■ Task brief ■
Restrict the output to the lines below starting at the one that contains "Logan Martin Bearden" and ending at the one that contains "Foggy Forest Wall", and restate them word for word, both ends included.

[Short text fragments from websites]
---------------

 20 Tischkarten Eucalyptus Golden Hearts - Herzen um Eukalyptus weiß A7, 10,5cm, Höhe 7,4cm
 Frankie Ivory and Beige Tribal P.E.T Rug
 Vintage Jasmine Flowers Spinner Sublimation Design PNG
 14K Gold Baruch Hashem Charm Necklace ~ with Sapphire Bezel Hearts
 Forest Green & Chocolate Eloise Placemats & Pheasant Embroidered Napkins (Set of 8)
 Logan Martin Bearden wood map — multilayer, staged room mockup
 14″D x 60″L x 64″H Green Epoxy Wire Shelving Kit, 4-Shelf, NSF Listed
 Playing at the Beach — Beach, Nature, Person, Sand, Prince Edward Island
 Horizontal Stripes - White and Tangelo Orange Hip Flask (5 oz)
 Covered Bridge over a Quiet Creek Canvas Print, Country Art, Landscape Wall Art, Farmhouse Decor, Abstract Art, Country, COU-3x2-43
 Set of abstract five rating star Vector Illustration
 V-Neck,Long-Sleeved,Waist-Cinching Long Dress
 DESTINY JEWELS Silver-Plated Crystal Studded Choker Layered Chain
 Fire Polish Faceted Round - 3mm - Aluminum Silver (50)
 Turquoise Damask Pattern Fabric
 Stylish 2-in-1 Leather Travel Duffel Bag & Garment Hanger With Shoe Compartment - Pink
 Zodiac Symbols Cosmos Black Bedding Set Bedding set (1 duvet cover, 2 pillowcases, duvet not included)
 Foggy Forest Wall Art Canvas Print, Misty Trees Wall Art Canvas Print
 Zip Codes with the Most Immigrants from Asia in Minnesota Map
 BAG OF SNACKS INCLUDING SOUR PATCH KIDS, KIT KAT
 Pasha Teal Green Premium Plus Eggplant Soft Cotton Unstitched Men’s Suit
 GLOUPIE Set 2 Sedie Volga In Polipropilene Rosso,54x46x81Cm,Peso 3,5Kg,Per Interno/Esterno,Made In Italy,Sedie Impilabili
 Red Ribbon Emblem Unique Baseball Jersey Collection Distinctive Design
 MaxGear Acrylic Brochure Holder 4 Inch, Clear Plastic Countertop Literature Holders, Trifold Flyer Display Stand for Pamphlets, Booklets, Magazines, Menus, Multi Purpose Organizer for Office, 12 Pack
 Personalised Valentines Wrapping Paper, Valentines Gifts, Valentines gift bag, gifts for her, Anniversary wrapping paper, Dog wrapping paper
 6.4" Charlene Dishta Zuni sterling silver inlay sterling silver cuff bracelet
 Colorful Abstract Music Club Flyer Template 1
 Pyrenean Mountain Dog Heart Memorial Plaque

---------------

■ Solution below ■
 Logan Martin Bearden wood map — multilayer, staged room mockup
 14″D x 60″L x 64″H Green Epoxy Wire Shelving Kit, 4-Shelf, NSF Listed
 Playing at the Beach — Beach, Nature, Person, Sand, Prince Edward Island
 Horizontal Stripes - White and Tangelo Orange Hip Flask (5 oz)
 Covered Bridge over a Quiet Creek Canvas Print, Country Art, Landscape Wall Art, Farmhouse Decor, Abstract Art, Country, COU-3x2-43
 Set of abstract five rating star Vector Illustration
 V-Neck,Long-Sleeved,Waist-Cinching Long Dress
 DESTINY JEWELS Silver-Plated Crystal Studded Choker Layered Chain
 Fire Polish Faceted Round - 3mm - Aluminum Silver (50)
 Turquoise Damask Pattern Fabric
 Stylish 2-in-1 Leather Travel Duffel Bag & Garment Hanger With Shoe Compartment - Pink
 Zodiac Symbols Cosmos Black Bedding Set Bedding set (1 duvet cover, 2 pillowcases, duvet not included)
 Foggy Forest Wall Art Canvas Print, Misty Trees Wall Art Canvas Print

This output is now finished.